TASK DATA
————
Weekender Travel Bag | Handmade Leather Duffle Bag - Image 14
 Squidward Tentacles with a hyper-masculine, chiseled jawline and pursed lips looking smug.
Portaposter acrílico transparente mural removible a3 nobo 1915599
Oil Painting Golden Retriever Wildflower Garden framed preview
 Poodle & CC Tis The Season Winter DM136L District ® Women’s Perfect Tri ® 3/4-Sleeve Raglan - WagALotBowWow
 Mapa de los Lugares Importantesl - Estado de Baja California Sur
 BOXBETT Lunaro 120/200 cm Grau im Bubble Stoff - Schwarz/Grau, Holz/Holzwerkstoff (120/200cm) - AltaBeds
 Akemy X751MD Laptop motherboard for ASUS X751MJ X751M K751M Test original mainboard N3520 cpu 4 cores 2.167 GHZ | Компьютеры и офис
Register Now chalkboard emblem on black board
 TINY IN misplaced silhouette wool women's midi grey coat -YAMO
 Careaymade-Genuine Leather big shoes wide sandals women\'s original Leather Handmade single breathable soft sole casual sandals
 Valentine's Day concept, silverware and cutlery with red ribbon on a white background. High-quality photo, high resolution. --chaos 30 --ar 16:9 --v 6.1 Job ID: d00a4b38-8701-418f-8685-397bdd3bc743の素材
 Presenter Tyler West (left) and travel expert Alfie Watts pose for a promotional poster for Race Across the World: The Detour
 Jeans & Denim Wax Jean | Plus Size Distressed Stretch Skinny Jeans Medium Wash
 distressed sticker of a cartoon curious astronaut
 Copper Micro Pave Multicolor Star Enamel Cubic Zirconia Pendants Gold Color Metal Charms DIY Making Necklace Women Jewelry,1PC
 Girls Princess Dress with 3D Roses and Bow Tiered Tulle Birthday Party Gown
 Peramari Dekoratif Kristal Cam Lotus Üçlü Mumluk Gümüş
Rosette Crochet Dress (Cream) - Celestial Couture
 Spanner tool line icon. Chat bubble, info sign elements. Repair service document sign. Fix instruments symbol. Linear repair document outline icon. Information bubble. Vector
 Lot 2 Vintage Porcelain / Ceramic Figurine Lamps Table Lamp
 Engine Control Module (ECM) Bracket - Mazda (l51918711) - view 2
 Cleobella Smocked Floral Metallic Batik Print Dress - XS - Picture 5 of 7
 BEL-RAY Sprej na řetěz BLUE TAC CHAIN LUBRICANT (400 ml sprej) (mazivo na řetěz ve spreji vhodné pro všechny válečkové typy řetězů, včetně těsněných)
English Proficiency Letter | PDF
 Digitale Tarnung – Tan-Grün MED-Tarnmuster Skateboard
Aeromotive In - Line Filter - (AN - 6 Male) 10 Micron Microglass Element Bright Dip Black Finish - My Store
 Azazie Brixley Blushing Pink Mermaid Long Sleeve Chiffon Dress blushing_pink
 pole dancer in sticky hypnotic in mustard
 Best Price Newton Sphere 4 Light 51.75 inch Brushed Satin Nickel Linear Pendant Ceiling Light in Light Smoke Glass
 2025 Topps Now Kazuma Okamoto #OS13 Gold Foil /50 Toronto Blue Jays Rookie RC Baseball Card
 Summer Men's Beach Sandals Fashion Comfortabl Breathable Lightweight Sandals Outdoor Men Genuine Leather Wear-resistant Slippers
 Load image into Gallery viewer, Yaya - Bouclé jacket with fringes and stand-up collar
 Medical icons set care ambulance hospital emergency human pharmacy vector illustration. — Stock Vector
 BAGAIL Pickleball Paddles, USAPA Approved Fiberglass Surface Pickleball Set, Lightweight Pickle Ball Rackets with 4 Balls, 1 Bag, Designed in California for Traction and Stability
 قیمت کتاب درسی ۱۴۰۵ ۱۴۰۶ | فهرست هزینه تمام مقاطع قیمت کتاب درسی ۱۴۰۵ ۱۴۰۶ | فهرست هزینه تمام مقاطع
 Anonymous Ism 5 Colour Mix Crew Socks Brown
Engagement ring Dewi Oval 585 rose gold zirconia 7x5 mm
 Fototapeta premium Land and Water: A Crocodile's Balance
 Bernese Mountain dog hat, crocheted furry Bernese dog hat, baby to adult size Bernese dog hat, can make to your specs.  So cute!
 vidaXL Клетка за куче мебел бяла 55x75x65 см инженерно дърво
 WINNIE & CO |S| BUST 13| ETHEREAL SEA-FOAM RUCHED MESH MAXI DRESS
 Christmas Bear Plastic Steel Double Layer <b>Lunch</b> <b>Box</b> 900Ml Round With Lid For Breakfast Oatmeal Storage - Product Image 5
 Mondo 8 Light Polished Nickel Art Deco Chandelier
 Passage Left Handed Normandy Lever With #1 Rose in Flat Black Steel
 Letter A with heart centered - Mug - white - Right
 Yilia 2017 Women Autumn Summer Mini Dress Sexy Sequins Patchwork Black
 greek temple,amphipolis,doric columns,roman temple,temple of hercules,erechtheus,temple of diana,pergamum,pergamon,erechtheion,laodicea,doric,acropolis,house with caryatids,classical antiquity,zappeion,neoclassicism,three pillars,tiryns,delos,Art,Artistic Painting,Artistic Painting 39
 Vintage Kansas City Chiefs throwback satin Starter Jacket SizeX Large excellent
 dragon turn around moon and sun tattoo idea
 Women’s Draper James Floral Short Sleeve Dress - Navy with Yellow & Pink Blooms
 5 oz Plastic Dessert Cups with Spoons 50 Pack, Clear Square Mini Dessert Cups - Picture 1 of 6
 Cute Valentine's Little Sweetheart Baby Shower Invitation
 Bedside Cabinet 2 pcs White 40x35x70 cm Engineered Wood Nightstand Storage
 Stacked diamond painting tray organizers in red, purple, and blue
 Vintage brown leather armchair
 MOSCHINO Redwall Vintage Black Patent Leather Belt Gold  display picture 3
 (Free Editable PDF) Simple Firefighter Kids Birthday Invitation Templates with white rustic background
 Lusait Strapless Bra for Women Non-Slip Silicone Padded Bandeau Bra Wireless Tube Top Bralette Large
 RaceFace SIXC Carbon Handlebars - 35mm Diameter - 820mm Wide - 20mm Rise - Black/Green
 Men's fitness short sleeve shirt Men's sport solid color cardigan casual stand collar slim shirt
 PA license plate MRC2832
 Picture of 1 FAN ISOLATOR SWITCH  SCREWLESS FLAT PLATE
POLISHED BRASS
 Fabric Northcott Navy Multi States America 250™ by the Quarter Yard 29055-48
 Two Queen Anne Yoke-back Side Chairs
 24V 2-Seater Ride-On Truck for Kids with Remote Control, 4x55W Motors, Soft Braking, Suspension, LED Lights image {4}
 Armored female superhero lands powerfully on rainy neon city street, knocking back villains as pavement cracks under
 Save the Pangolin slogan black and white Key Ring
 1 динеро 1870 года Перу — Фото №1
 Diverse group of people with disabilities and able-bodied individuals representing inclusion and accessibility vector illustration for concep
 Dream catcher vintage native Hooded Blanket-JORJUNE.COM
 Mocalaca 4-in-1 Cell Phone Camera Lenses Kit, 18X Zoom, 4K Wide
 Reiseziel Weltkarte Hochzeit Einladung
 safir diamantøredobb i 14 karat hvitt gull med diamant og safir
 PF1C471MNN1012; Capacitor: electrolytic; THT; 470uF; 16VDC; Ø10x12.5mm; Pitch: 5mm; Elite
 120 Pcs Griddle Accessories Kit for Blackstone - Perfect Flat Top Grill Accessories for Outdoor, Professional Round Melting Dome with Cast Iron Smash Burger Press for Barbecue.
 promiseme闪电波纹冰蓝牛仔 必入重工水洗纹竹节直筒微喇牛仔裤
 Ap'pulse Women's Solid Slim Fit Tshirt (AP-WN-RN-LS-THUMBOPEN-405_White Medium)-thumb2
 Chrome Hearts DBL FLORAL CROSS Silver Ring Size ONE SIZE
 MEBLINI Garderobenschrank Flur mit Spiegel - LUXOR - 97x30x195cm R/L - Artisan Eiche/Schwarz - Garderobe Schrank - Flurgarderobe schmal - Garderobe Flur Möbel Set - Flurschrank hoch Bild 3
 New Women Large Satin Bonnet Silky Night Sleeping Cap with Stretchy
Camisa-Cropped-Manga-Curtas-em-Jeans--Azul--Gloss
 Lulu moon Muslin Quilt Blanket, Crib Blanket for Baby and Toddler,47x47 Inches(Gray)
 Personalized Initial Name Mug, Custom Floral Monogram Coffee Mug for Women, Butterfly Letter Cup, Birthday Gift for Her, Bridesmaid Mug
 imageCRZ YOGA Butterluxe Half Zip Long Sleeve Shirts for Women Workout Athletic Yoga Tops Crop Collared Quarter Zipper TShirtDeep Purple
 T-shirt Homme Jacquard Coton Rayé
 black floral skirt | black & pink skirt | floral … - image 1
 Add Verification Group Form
————
YOUR TASK
The required answer is the run of lines above, starting at the line with "Women’s Draper James" and ending at the line with "24V 2-Seater Ride-On", reproduced exactly with both ends.

TASK ANSWER
 Women’s Draper James Floral Short Sleeve Dress - Navy with Yellow & Pink Blooms
 5 oz Plastic Dessert Cups with Spoons 50 Pack, Clear Square Mini Dessert Cups - Picture 1 of 6
 Cute Valentine's Little Sweetheart Baby Shower Invitation
 Bedside Cabinet 2 pcs White 40x35x70 cm Engineered Wood Nightstand Storage
 Stacked diamond painting tray organizers in red, purple, and blue
 Vintage brown leather armchair
 MOSCHINO Redwall Vintage Black Patent Leather Belt Gold  display picture 3
 (Free Editable PDF) Simple Firefighter Kids Birthday Invitation Templates with white rustic background
 Lusait Strapless Bra for Women Non-Slip Silicone Padded Bandeau Bra Wireless Tube Top Bralette Large
 RaceFace SIXC Carbon Handlebars - 35mm Diameter - 820mm Wide - 20mm Rise - Black/Green
 Men's fitness short sleeve shirt Men's sport solid color cardigan casual stand collar slim shirt
 PA license plate MRC2832
 Picture of 1 FAN ISOLATOR SWITCH  SCREWLESS FLAT PLATE
POLISHED BRASS
 Fabric Northcott Navy Multi States America 250™ by the Quarter Yard 29055-48
 Two Queen Anne Yoke-back Side Chairs
 24V 2-Seater Ride-On Truck for Kids with Remote Control, 4x55W Motors, Soft Braking, Suspension, LED Lights image {4}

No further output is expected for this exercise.